BYU students and faculty members are working to create an algorithm to digitally transcribe the Wilford Woodruff papers.
These papers consist of hundreds of thousands of letters, journal entries and other documents all written by the fourth president of The Church of Jesus Christ of Latter-day Saints.
BYU economics professor Joe Price and director of the Record Linking Lab has done research which involves developing “tools that would automatically index historical records.”
“The Wilford Woodruff Foundation learned about some of our work and reached out to us to see if maybe we could be involved in the project,” Price said.
According to the Wilford Woodruff Papers website, their mission is to “digitally preserve and publish Wilford Woodruff’s eyewitness account of the Restoration of the Gospel of Jesus Christ from 1833 to 1898.” Digitalizing these papers will make them accessible to the public for anyone to read and learn from.
However, transcribing these papers is no easy feat. BYU student Paul Smith is part of the Applied and Computational Math Emphasis program and is lending his skills to work on this project.
“We’re using a deep learning model,” Smith said. “What we do is we feed it a bunch of images (of the papers) and we label each word on an image. Hopefully the algorithm will start recognizing what’s a word and what’s not.”
Smith explained this process is difficult because Woodruff often wrote with typos, shorthand language and had ink smudges on papers. Woodruff also wrote extremely specific journal entries every day for most of his life.
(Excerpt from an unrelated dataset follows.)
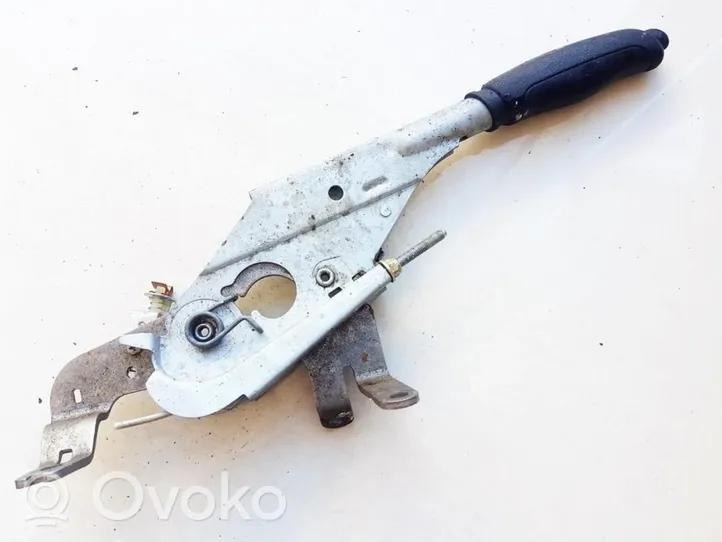 Audi 80 90 B3 Handbrake/parking brake lever assembly 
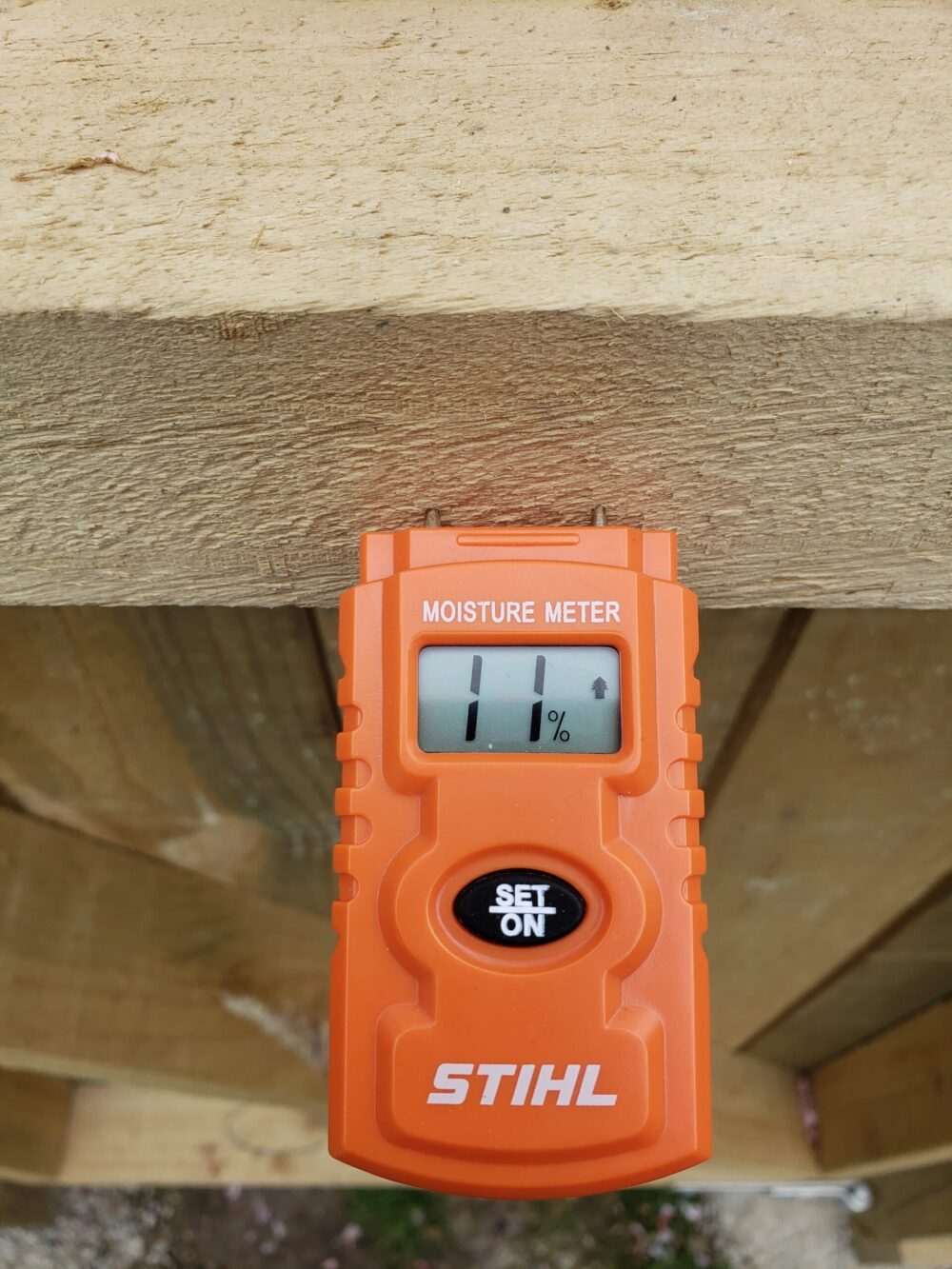 wood moisture meter reviews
“He was a good writer, but it’s still a journal,” Smith said. “It’s not even easy to read for a human, let alone a machine.”
Because of the large number of papers to transcribe, the Wilford Woodruff papers project is set to be finished within 10 years with a budget of $10 million. BYU’s team is optimistic they will complete the project much sooner and at a much lower cost with their transcribing model.
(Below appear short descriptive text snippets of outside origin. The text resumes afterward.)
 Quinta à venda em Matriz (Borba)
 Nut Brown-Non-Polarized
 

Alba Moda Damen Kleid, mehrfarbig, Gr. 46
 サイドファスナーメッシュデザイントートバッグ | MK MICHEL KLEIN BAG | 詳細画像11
“The immediate goal is to dramatically expedite the speed with which we can index the records of Wilford Woodruff,” Price said. “But the broader goal is to develop tools that anyone could use to auto-index the letters and diaries of their own ancestors.”
As family history work is a key component of The Church of Jesus Christ of Latter-day Saints as well as BYU, this project aims to make transcribing personal letters or journal entries an easy task for everyone.
“This is something that we are hoping everyone can use,” Smith said. “I’m sure we’ve all written in our journal or have received letters that we want to transcribe. Something like this would come in handy.”
Tim Palmer, an economics BYU student, is also collaborating on this project.
“The more people use (the model) and the more handwriting styles it gets trained on, the better it will be at recognizing handwriting,” Palmer said. “We’re just starting specifically with Wilford Woodruff because he wrote a ton and that’s a really good place to start.”
Working on this project has led Smith and Palmer to recognize how collaborative human efforts are essential in creating new technology.
“I think it’s incredible how amazing the human mind is,” Smith said. “We can look at a page and we instantly know what’s going on. It takes so much effort to get a machine to recognize something so simple.”
Palmer said his project combines the efforts of the computer science department, the Applied and Computational Math Emphasis program, economics students and family history resources.
“When we boil it down, it’s people from all over campus in all different areas working together to get something done,” Smith said. “It’s very much a joint effort of a lot of different disciplines coming together.”
The BYU team hopes to finish transcribing Woodruff’s journals by the end of the summer.